====== SUPPLIED DATA

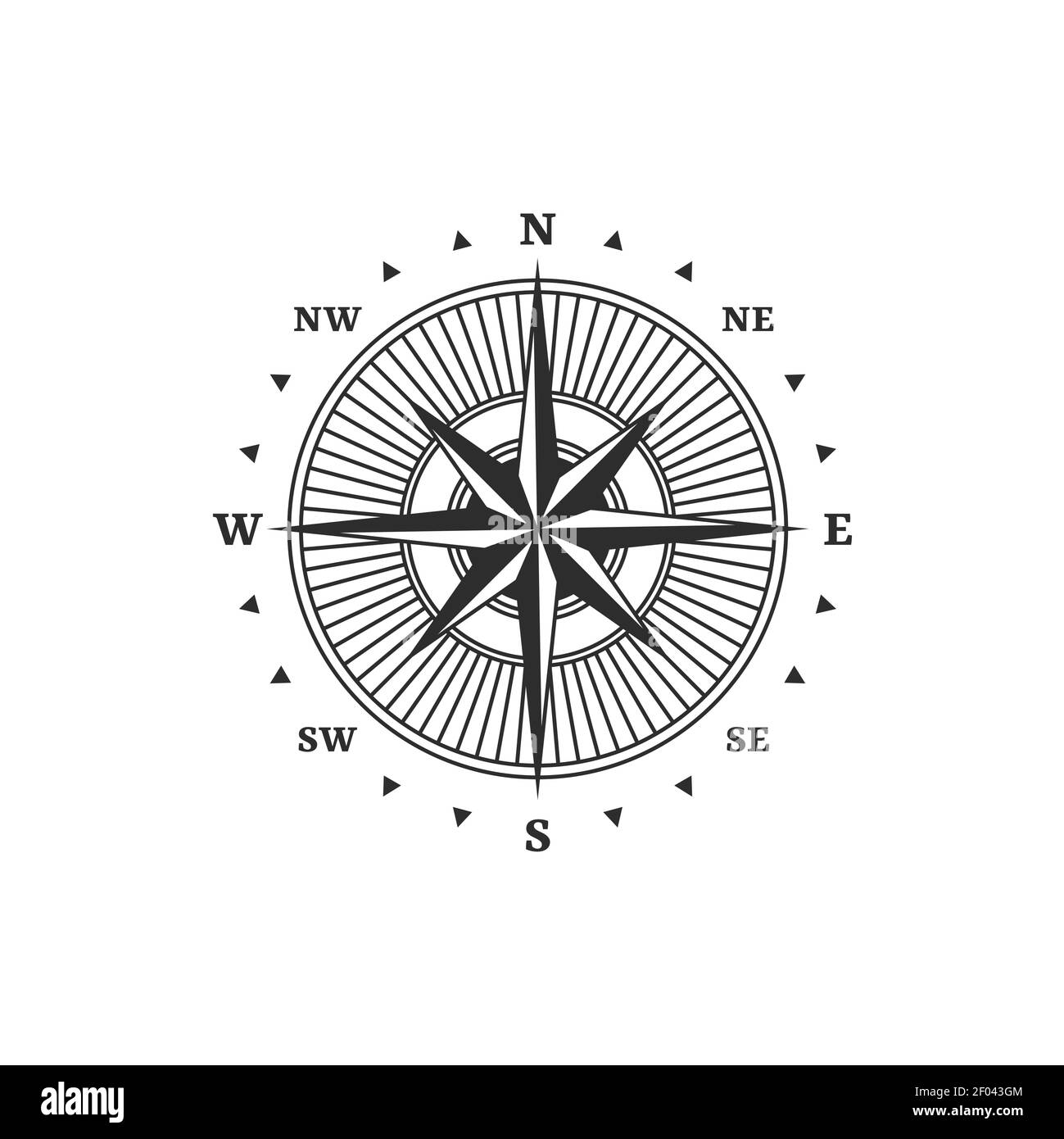 Nautical compass isolated vintage wind or rose. Vector maritime ...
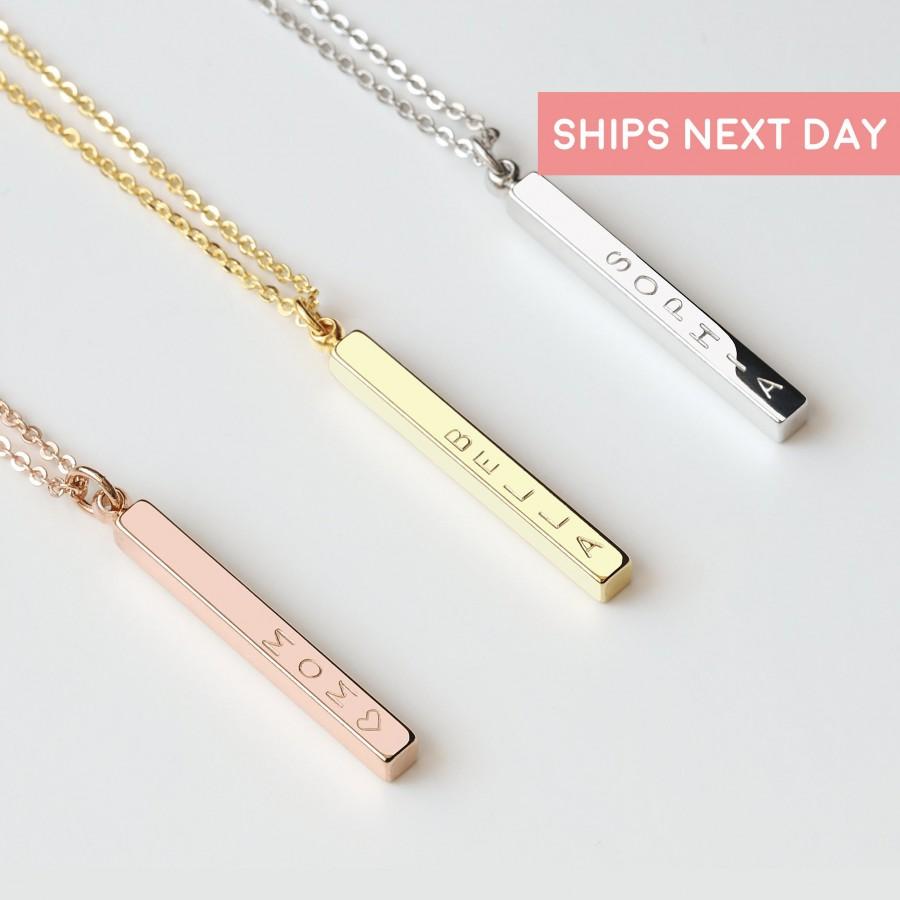 Свадьба - Custom Name Vertical Bar Necklace Custom Necklace Personalized Gift Best Friend Necklace for Women Engraved Pendant Necklace Mom Gift-BF30-3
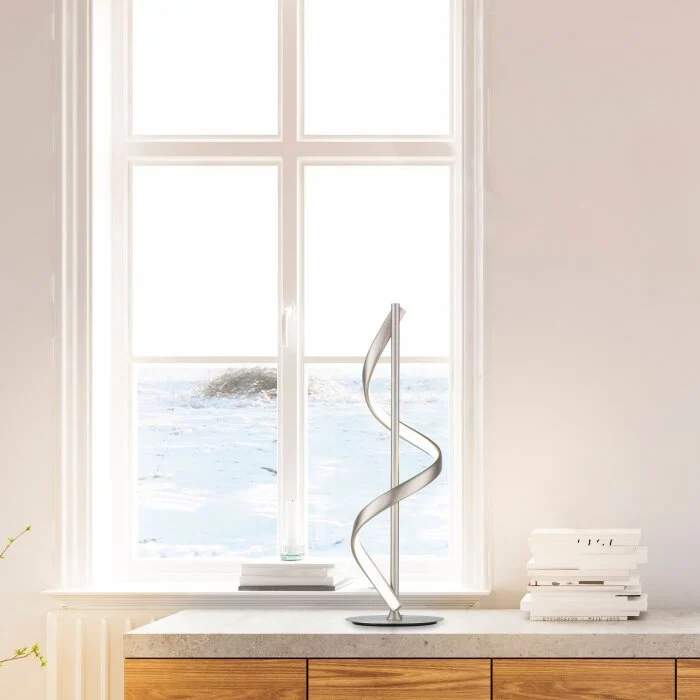 Paul Neuhaus QSWING Lámpara de mesa LED Plata, 1 luz, Mando a distancia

============

PROBLEM DESCRIPTION: Starting at the first line of the data, set down each line exactly until you have copied the line with "Свадьба - Custom", but leave the pictures out.

REPLY:
 Nautical compass isolated vintage wind or rose. Vector maritime ...
 Свадьба - Custom Name Vertical Bar Necklace Custom Necklace Personalized Gift Best Friend Necklace for Women Engraved Pendant Necklace Mom Gift-BF30-3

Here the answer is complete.